(PROMPT)
Omitting every picture, output the records below exactly, please.

◇ ◇ ◇ ◇ ◇ ◇ ◇

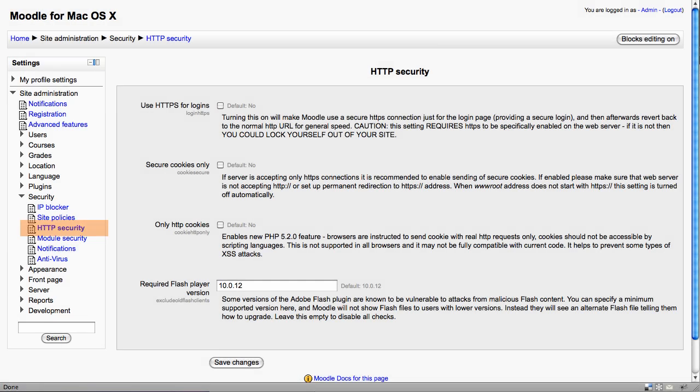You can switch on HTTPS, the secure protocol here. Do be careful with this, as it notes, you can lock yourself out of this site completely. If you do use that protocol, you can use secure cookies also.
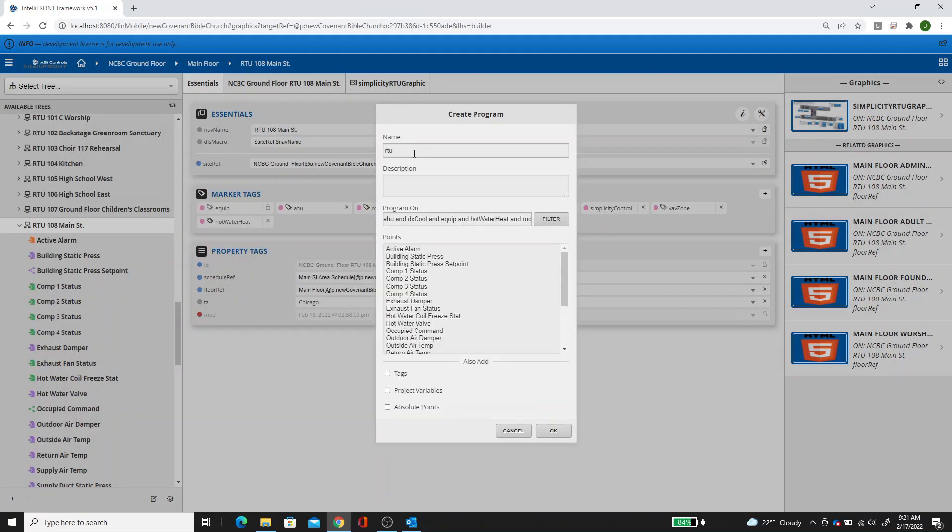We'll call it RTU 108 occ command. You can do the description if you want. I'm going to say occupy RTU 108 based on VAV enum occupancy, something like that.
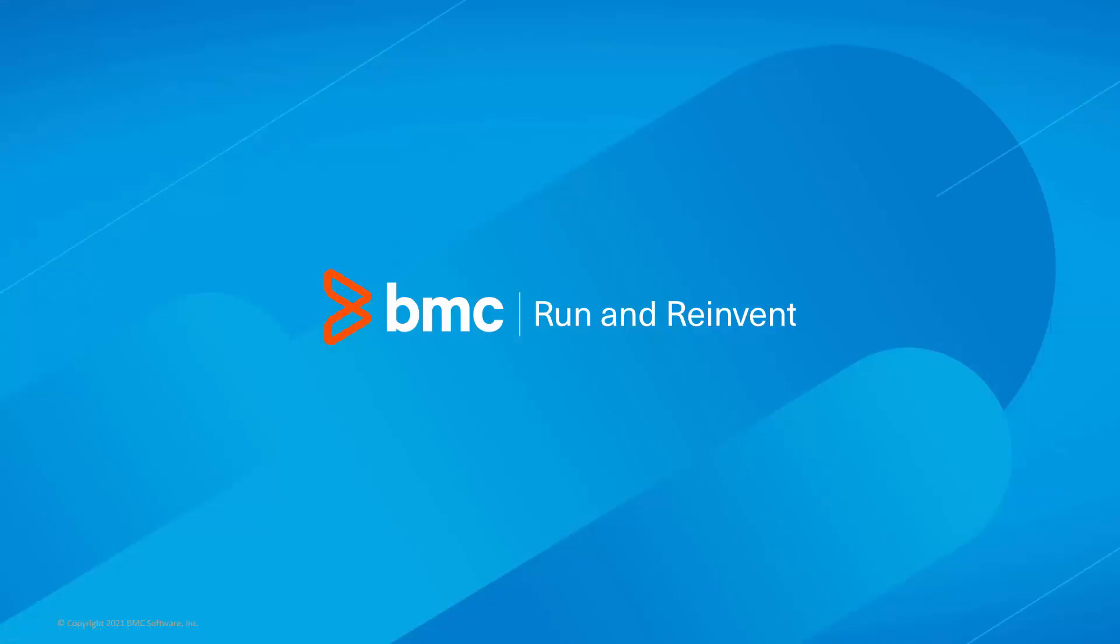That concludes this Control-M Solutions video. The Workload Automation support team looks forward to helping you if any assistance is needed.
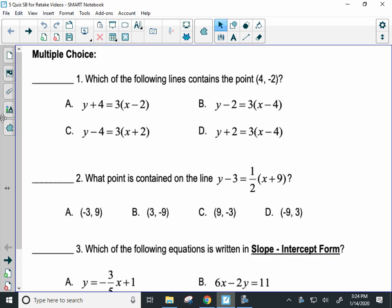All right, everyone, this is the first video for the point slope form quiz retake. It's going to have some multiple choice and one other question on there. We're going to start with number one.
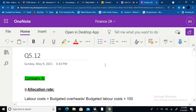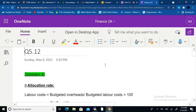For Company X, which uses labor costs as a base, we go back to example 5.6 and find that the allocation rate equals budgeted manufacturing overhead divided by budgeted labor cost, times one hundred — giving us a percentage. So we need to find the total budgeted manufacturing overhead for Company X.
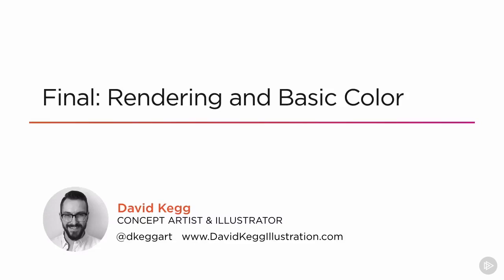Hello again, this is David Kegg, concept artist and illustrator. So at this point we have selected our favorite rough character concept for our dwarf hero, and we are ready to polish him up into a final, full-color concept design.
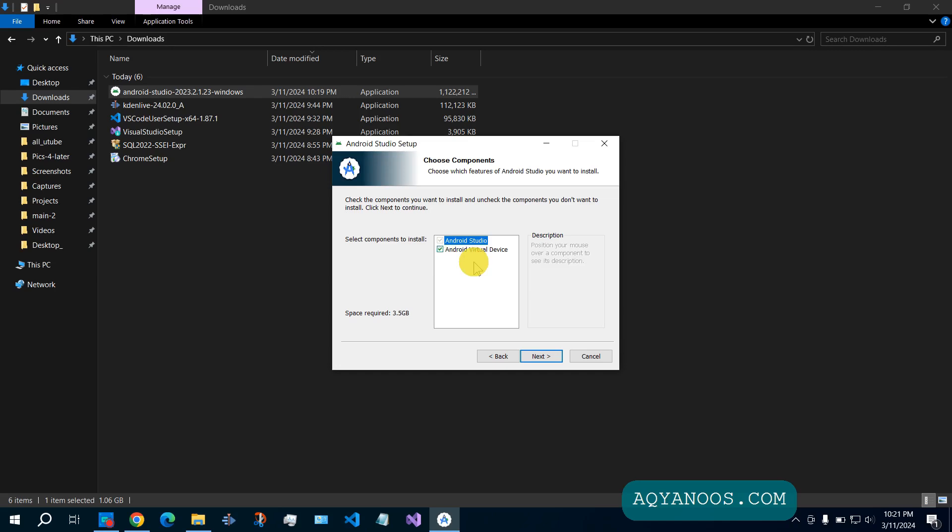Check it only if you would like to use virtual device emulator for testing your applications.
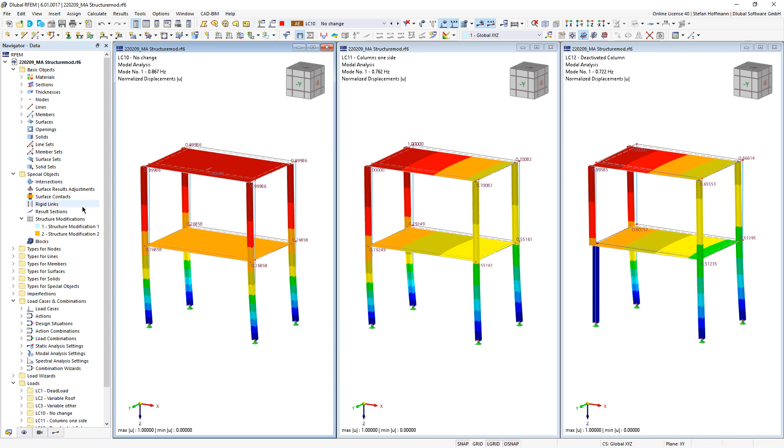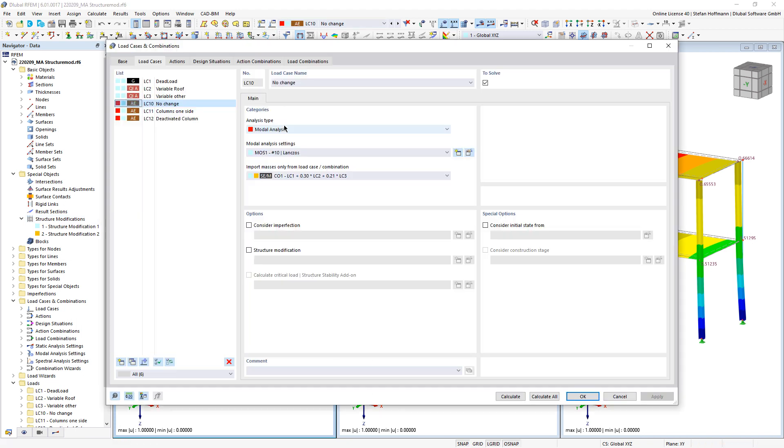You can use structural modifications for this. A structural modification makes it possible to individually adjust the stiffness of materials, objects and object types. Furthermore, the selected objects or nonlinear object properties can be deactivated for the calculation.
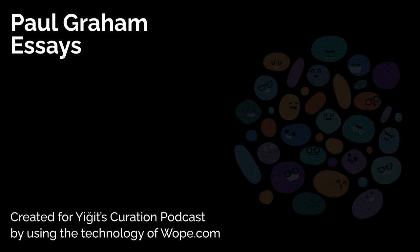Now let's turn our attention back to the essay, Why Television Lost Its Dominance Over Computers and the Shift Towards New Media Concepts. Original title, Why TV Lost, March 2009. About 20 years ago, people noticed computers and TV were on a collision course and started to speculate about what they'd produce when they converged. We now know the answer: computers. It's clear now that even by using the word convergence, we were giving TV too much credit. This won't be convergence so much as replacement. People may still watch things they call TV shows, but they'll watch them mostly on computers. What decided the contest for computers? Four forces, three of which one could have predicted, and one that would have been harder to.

◇ ◇ ◇ ◇ ◇ ◇ ◇

(RESULT OF THE TASK)
You can switch on HTTPS, the secure protocol here. Do be careful with this, as it notes, you can lock yourself out of this site completely. If you do use that protocol, you can use secure cookies also.
We'll call it RTU 108 occ command. You can do the description if you want. I'm going to say occupy RTU 108 based on VAV enum occupancy, something like that.
That concludes this Control-M Solutions video. The Workload Automation support team looks forward to helping you if any assistance is needed.
All right, everyone, this is the first video for the point slope form quiz retake. It's going to have some multiple choice and one other question on there. We're going to start with number one.
For Company X, which uses labor costs as a base, we go back to example 5.6 and find that the allocation rate equals budgeted manufacturing overhead divided by budgeted labor cost, times one hundred — giving us a percentage. So we need to find the total budgeted manufacturing overhead for Company X.
Hello again, this is David Kegg, concept artist and illustrator. So at this point we have selected our favorite rough character concept for our dwarf hero, and we are ready to polish him up into a final, full-color concept design.
Check it only if you would like to use virtual device emulator for testing your applications.
You can use structural modifications for this. A structural modification makes it possible to individually adjust the stiffness of materials, objects and object types. Furthermore, the selected objects or nonlinear object properties can be deactivated for the calculation.
Now let's turn our attention back to the essay, Why Television Lost Its Dominance Over Computers and the Shift Towards New Media Concepts. Original title, Why TV Lost, March 2009. About 20 years ago, people noticed computers and TV were on a collision course and started to speculate about what they'd produce when they converged. We now know the answer: computers. It's clear now that even by using the word convergence, we were giving TV too much credit. This won't be convergence so much as replacement. People may still watch things they call TV shows, but they'll watch them mostly on computers. What decided the contest for computers? Four forces, three of which one could have predicted, and one that would have been harder to.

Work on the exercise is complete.